Your output should be the lines below from the one with "假两件绑带套头衫 A1EEE1603 新款 2026春季 商场同款 太平鸟女装" through the one with "Suhine 12 Pcs", copied exactly, pictures excluded.

(Saved data entries)
((

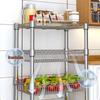Adjustable 4-Tier Carbon Steel Kitchen Storage Rack with Baskets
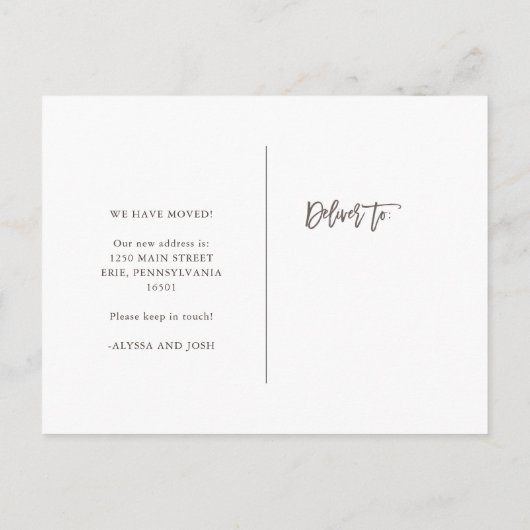 Grünes botanisches Blätter, das Mitteilung bewegt Ankündigungspostkarte (Rückseite)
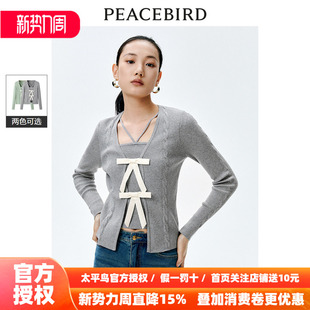 假两件绑带套头衫 A1EEE1603 新款 2026春季 商场同款 太平鸟女装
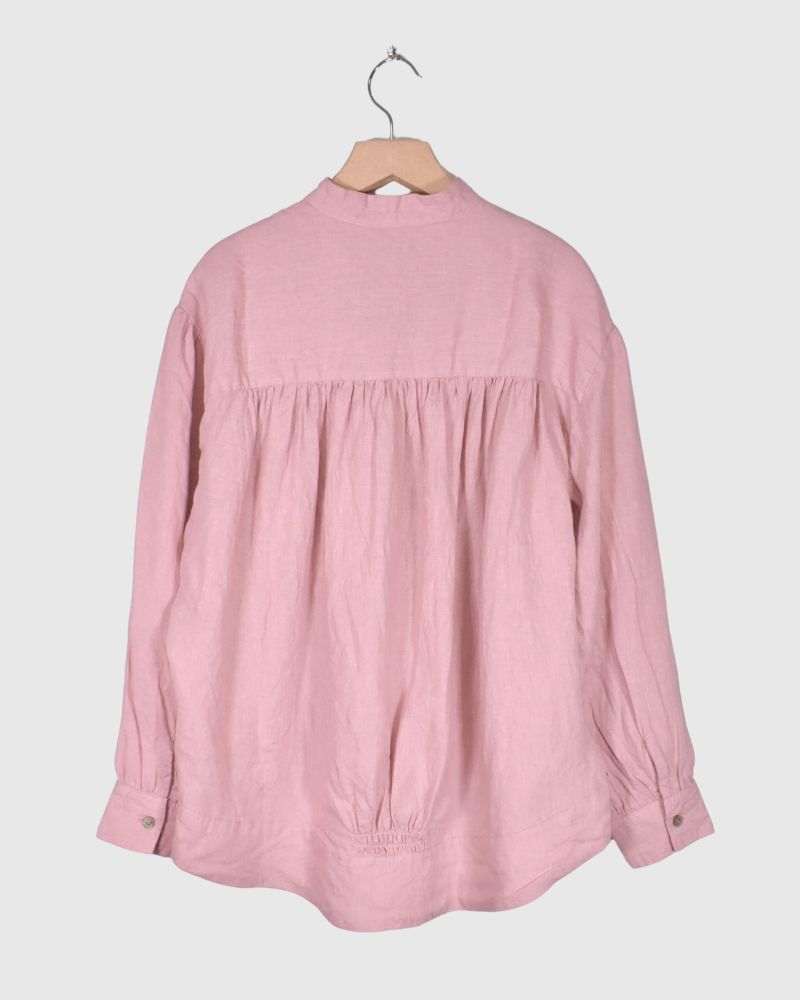 Linen Gather Shirt in Pink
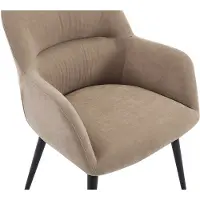 Vente-unique Set tafel MALATA + 4 stoelen HEKA - Wit marmereffect en beige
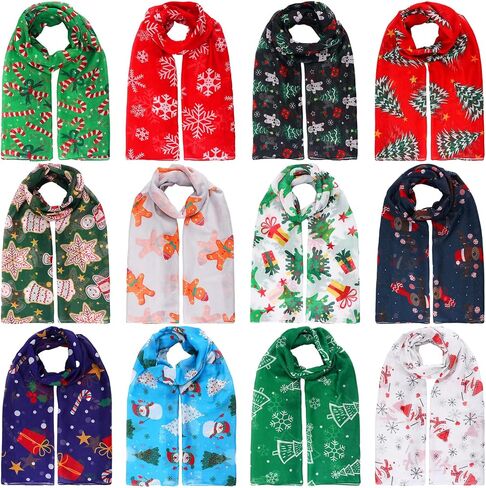 Suhine 12 Pcs Christmas Scarf Bulk Lightweight Elegant Xmas Scarf Women Men Holiday scarves Christmas Gift in Saudi Arabia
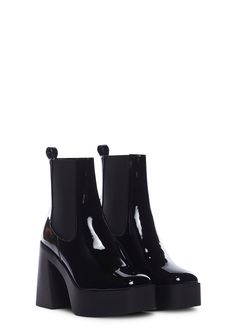 cuz you're perfect for me. These boots come in a patent vegan leather construction, with a platform heel, side panels, and pull tabs at back. Black Formal Boots, Patent Chelsea Boots, Chunky Heels Outfit, You're Perfect, Boots Combat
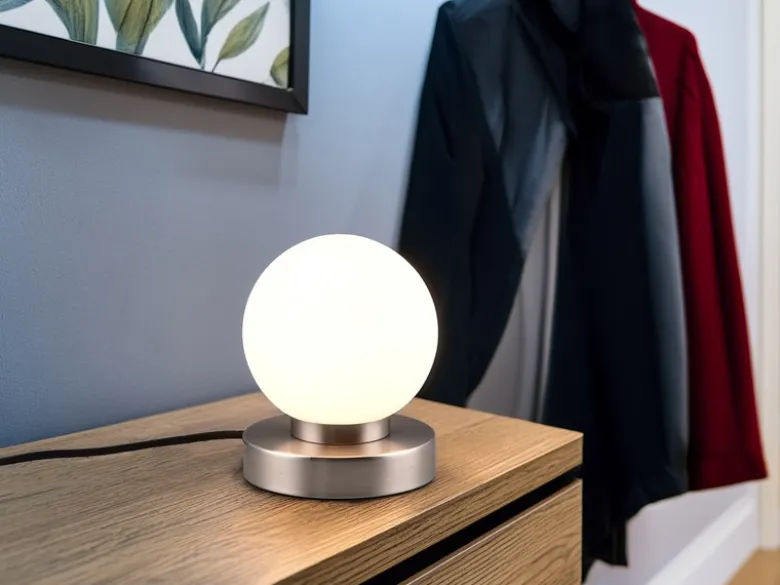 Kleine Touch Tischlampe PRINZ II Silber mit Glas Kugel Weiß, Höhe 15cm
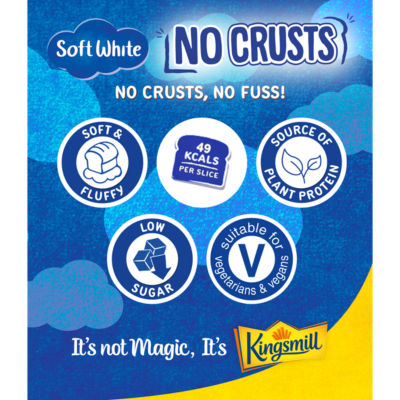 Kingsmill no crusts soft white crustless bread 400g, UK version
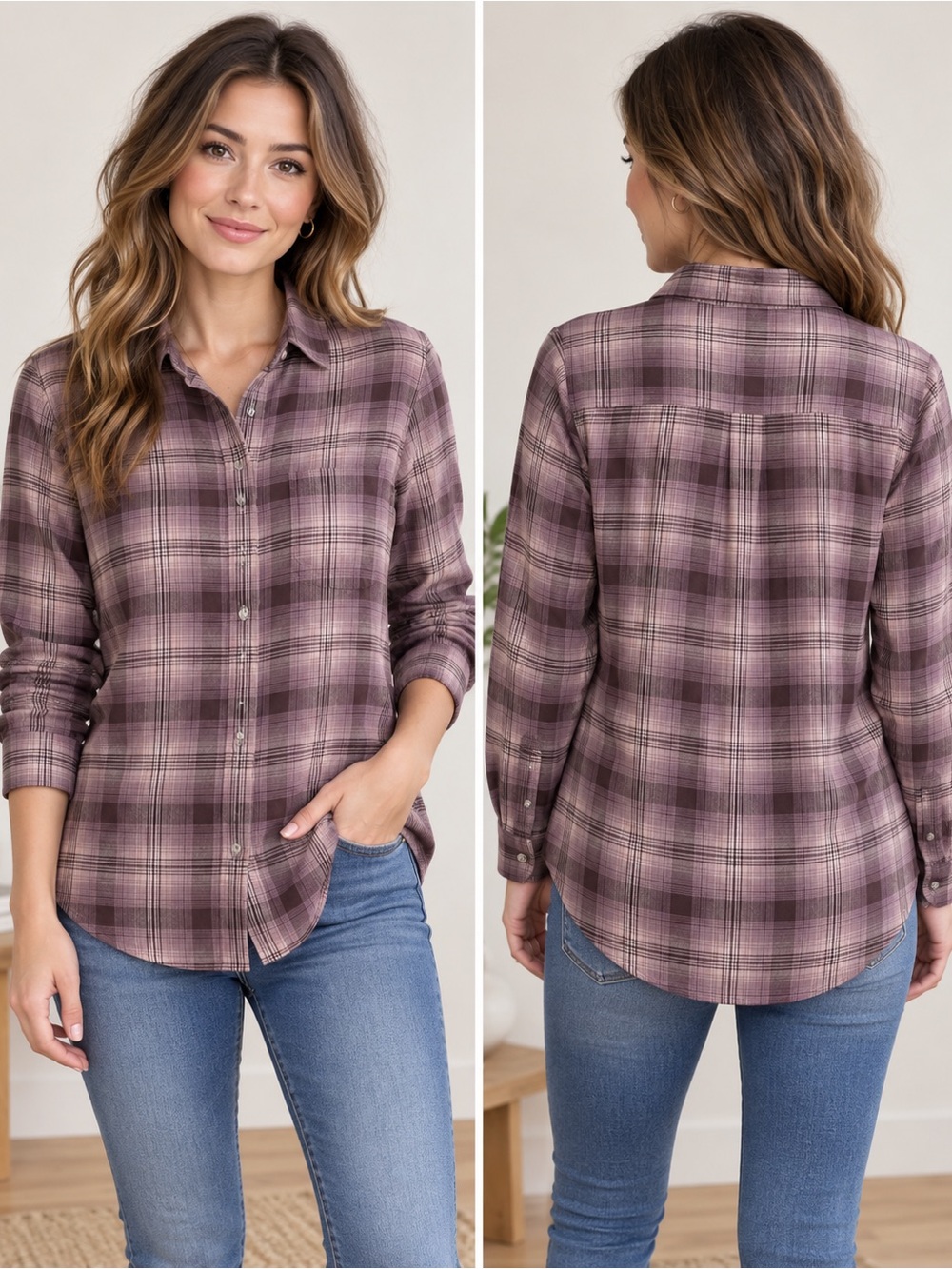 American Eagle Women’s Mauve Burgundy Plaid Button Down Long Sleeve Shirt M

))

### Output
 假两件绑带套头衫 A1EEE1603 新款 2026春季 商场同款 太平鸟女装
 Linen Gather Shirt in Pink
 Vente-unique Set tafel MALATA + 4 stoelen HEKA - Wit marmereffect en beige
 Suhine 12 Pcs Christmas Scarf Bulk Lightweight Elegant Xmas Scarf Women Men Holiday scarves Christmas Gift in Saudi Arabia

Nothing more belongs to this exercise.